The other major events of the previous session included central bank meetings from both the Riksbank and Norges Bank. There were no surprises at all from the Riksbank as they kept rates unchanged at 0.25% and offered very little new information to the market other than the widely expected confirmation that they would be ending their fixed rate tenders. Today we will get the latest Swedish Unemployment figures which are expected to tick slightly higher to 8.2% from 8.1% prior.

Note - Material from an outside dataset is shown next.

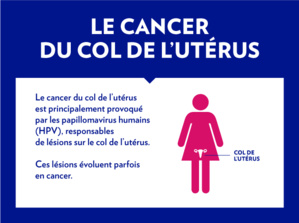 CANCER DU COL : Le plan stratégique de lutte permettra de connaître l’ampleur de la maladie CANCER DU COL : Le plan stratégique de lutte permettra de connaître l’ampleur de la maladie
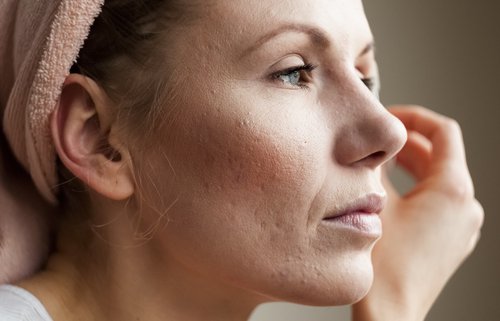 Hautbeschwerden als Anzeichen für einen hohen Cortisolspiegel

In contrast to the Riksbank, the Norges Bank wrong-footed consensus by hiking rates by 25bps to 1.75% - in line with our own predictions. They noted that the impact of the October hike had been “limited”, but the statement did however ensure that markets did not start pricing a more aggressive hiking cycle going forward by noting that the outlook for 2010 was still uncertain, and revealed that members had considered keeping rates on hold. Norges Bank Deputy Governor Qvigstad said in a subsequent press conference that the expectation was for no further rise in February, but he did not so far as to rule out an increase at that meeting. EURNOK plunged from 8.4400 to 8.3670 on the announcement, and NOK has managed to hold on to gains into today’s session where we await the release of the Norwegian Unemployment Rate (currently standing at an impressively low 2.6%).
The key events coming up in today’s session include UK Retail Sales for November which are expected to post at 0.5% MoM increase after the 0.4% reading last month; and will likely be a major catalyst of GBP direction from here. GBPUSD is currently fighting hard to remain above 1.6200 support, and a surprise either way in this release will likely determine whether we see a further collapse towards 1.6000, or whether we head back into the range for a retest of 1.6484. The afternoon session will be focused on Canadian CPI, and US Leading Indicators.